Gene Hooks Stadium
- Interactive map of Gene Hooks Stadium
- Former names: Layton Field
- Location: Winston-Salem, North Carolina
- Coordinates: 36°7′54″N 80°16′16″W﻿ / ﻿36.13167°N 80.27111°W
- Owner: Wake Forest University
- Capacity: 2,500
- Field size: Left field: 335 feet (102 m) Center field: 400 feet (120 m) Right field: 315 feet (96 m)

Construction
- Opened: March 1981
- Closed: May 2008

Tenant
- Wake Forest Demon Deacons (NCAA) (1981–2008)

= Gene Hooks Stadium =

American baseball stadium

Gene Hooks Stadium was a baseball stadium in Winston-Salem, North Carolina. It was the primary home field of the Wake Forest Demon Deacons baseball program from 1981 through 2008.

==History==
The stadium was in use by March 1981, under its original name of Layton Field, and was dedicated on April 18, 1981. On April 23, 1988, it was renamed after former Wake Forest University athletic director Gene Hooks. Wake Forest's final game at the stadium was a 9–4 win over the Duke Blue Devils on May 11, 2008.

The ballpark was part of a complex sitting north of Faculty Drive (home plate / first base side) and a short distance east of Wingate Road (third base side). There were trees beyond right field, and a small practice golf course beyond left and center field. The ballpark sat less than a mile and almost directly west of BB&T Field and Ernie Shore Field.
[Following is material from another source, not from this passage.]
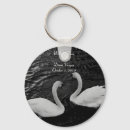 Search for save the date rounded key rings White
For the 2009 season, the team moved back on a full-time basis to their previous home, Ernie Shore Field, which was then renamed Gene Hooks Field at Wake Forest Baseball Park, and later renamed David F. Couch Ballpark.

Gene Hooks Stadium was subsequently demolished to make way for expansion of the golf practice course. The walkway forming the boundary of the southwest portion of the practice course roughly outlines the outer edge of the site of the ballpark's grandstand.